**What you should do:**
Under this line are the records; repeat exactly the lines starting at the one containing "AI in healthcare blog post" and ending at the one containing "Gortipohl | Landhaus Rudigier", omitting pictures.

**Record excerpts:**

----------

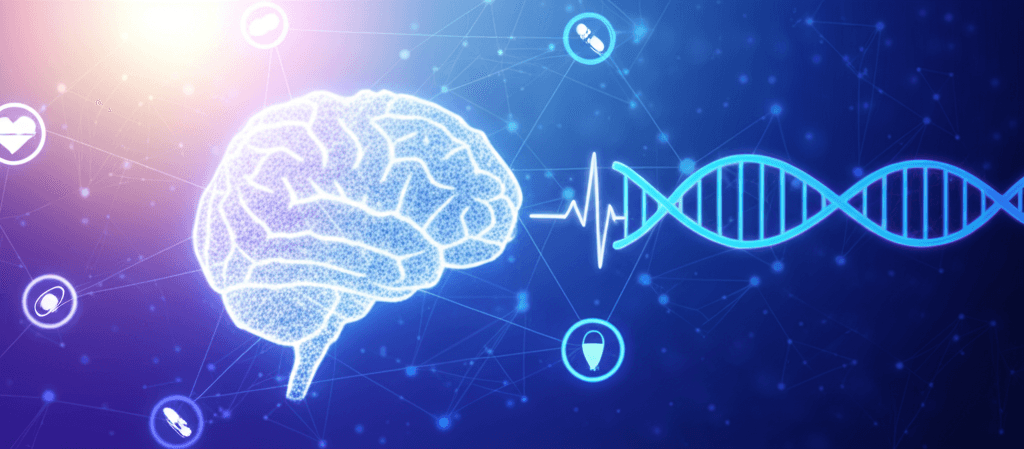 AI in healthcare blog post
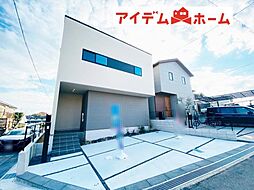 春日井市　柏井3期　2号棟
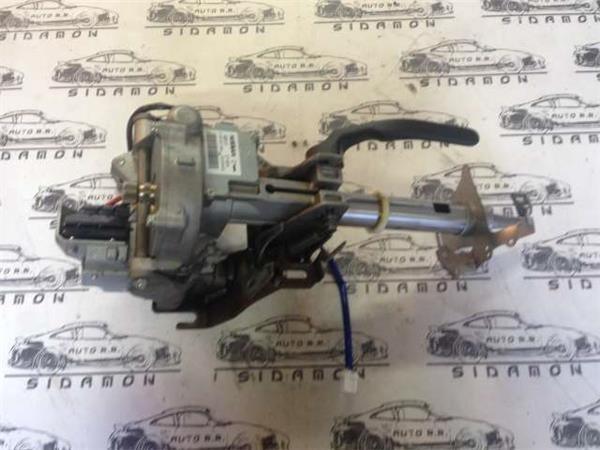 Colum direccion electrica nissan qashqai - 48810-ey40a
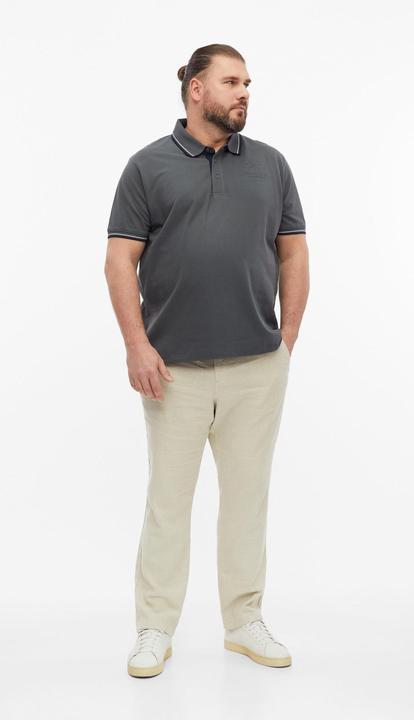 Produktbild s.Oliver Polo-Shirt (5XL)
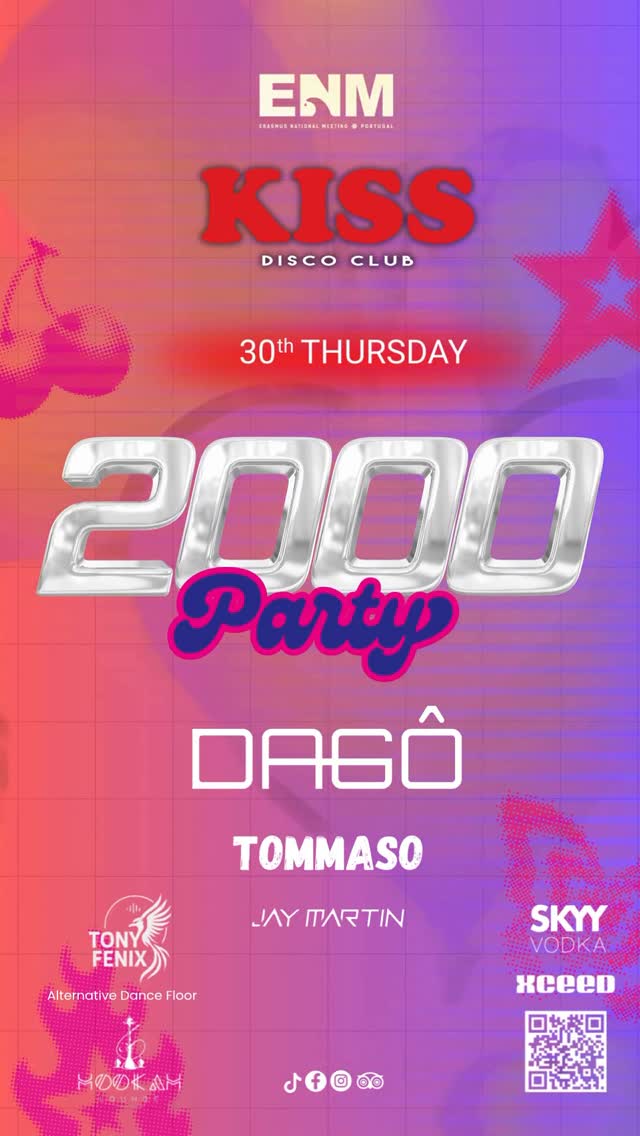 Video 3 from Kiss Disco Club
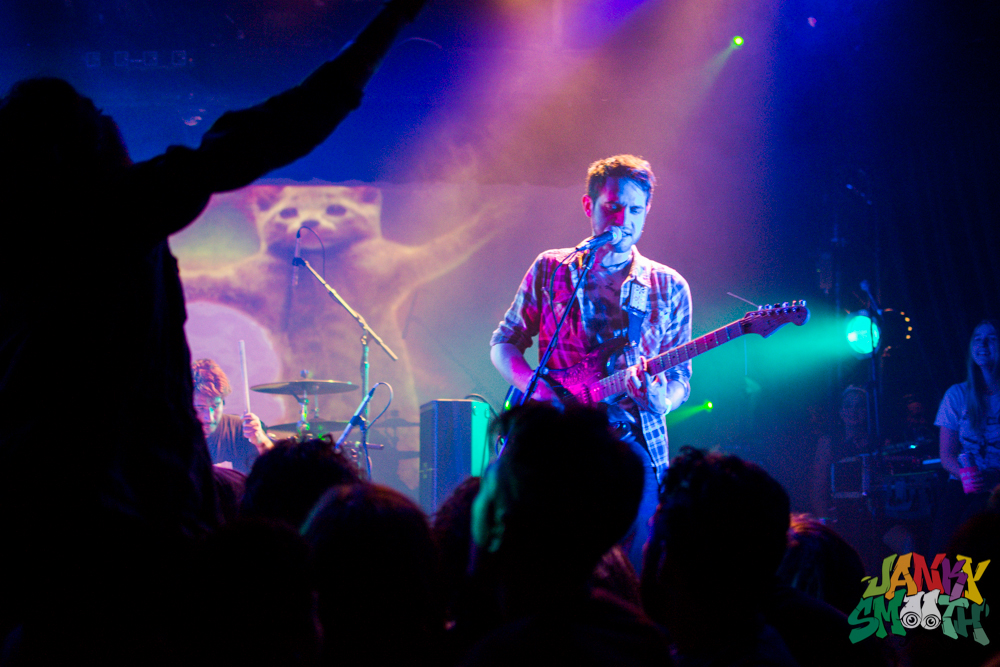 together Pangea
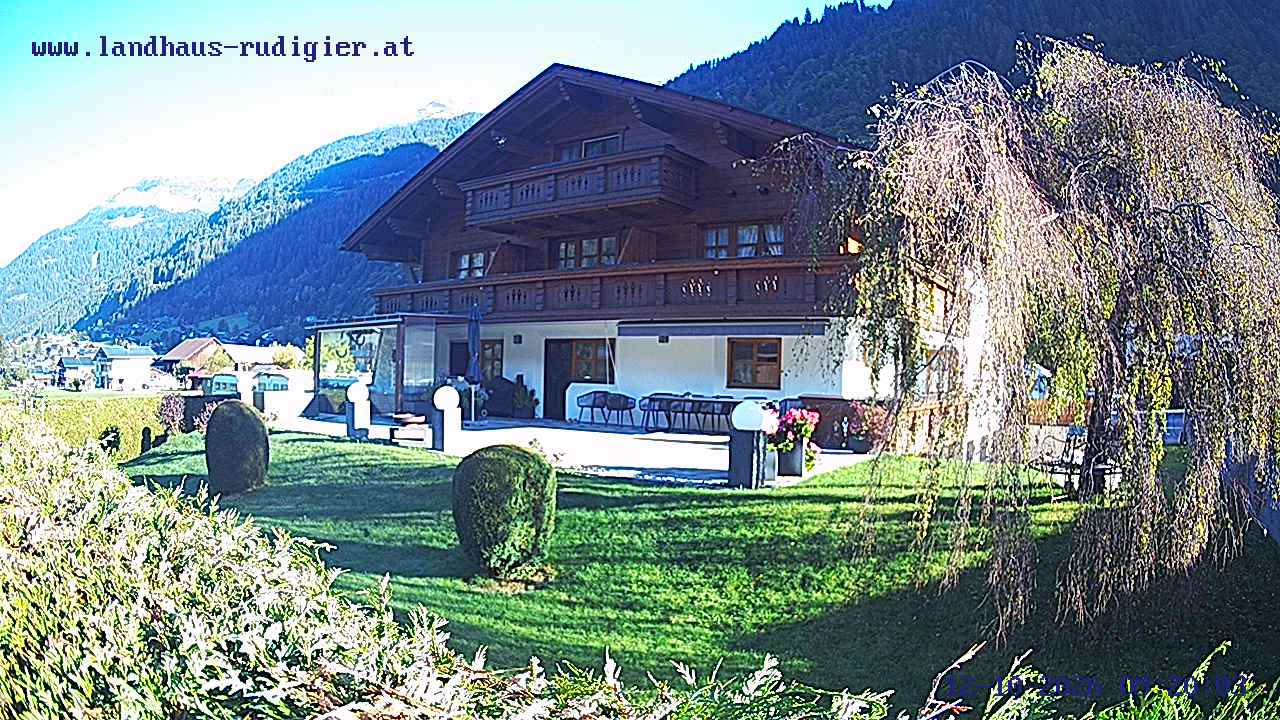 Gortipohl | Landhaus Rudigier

----------

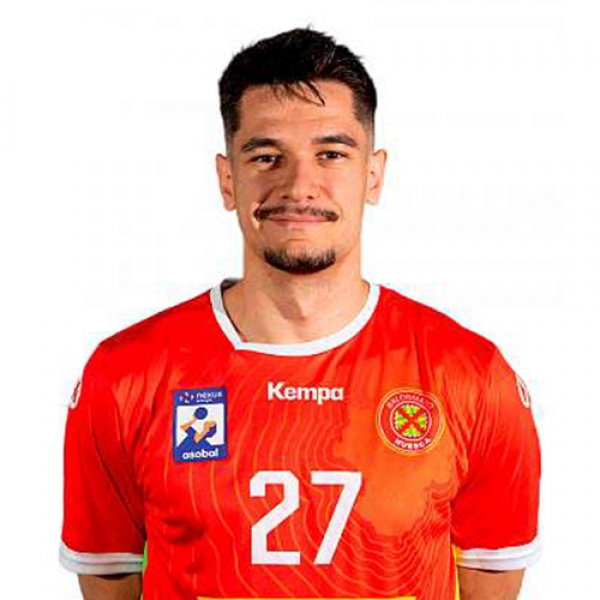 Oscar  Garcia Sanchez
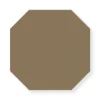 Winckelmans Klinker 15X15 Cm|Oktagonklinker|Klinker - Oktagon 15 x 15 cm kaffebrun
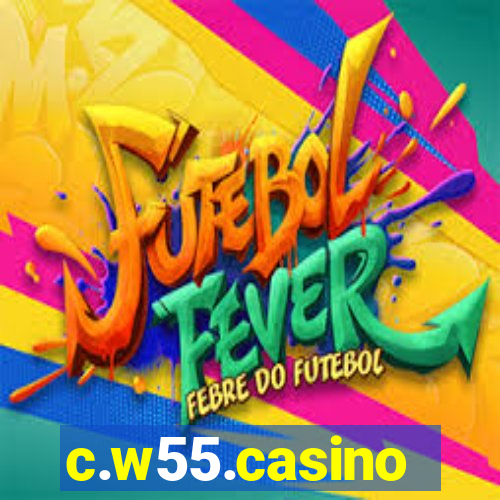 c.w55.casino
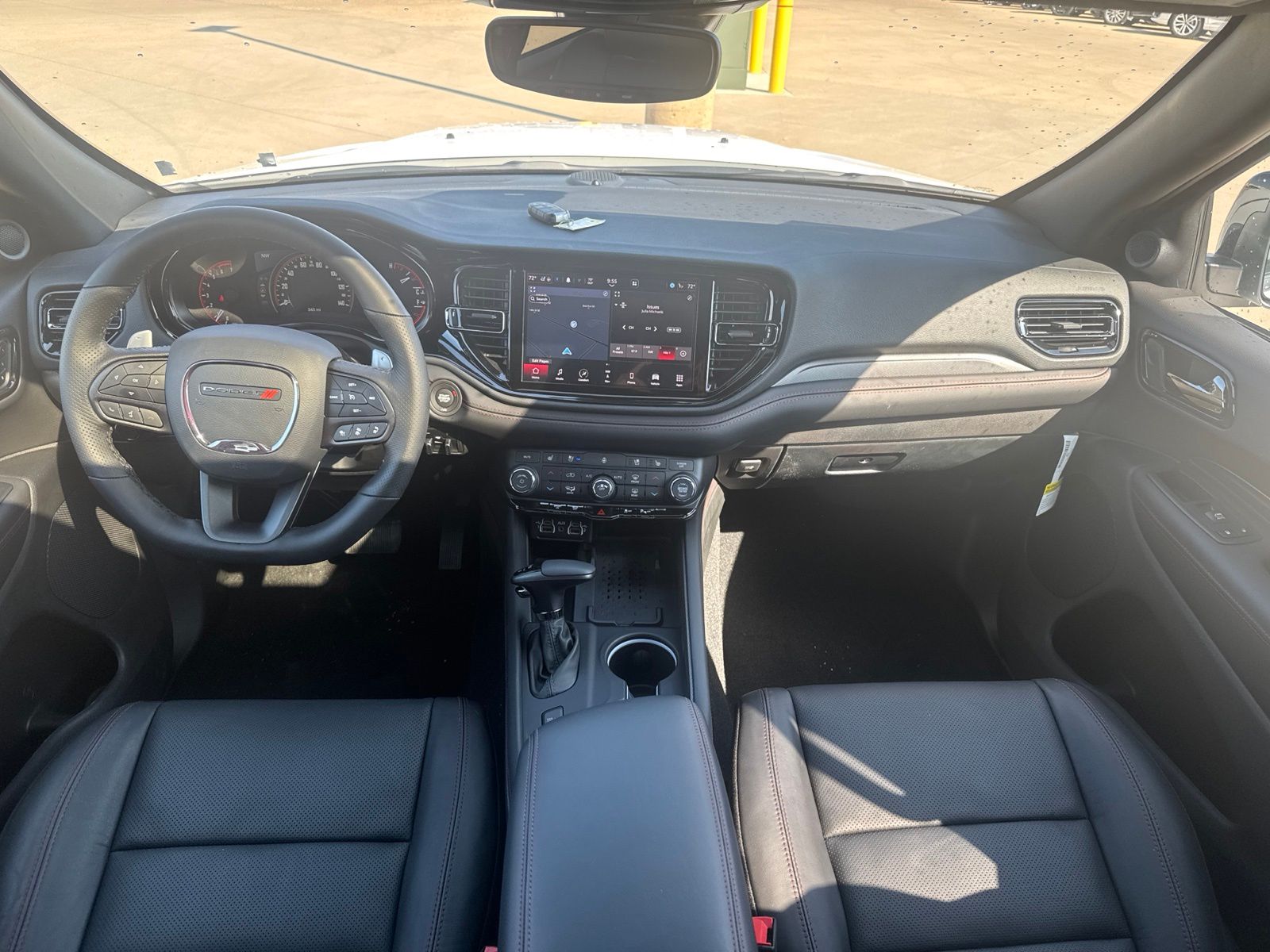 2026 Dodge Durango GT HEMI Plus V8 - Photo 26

----------

**Written answer:**
 AI in healthcare blog post
 春日井市　柏井3期　2号棟
 Colum direccion electrica nissan qashqai - 48810-ey40a
 Produktbild s.Oliver Polo-Shirt (5XL)
 Video 3 from Kiss Disco Club
 together Pangea
 Gortipohl | Landhaus Rudigier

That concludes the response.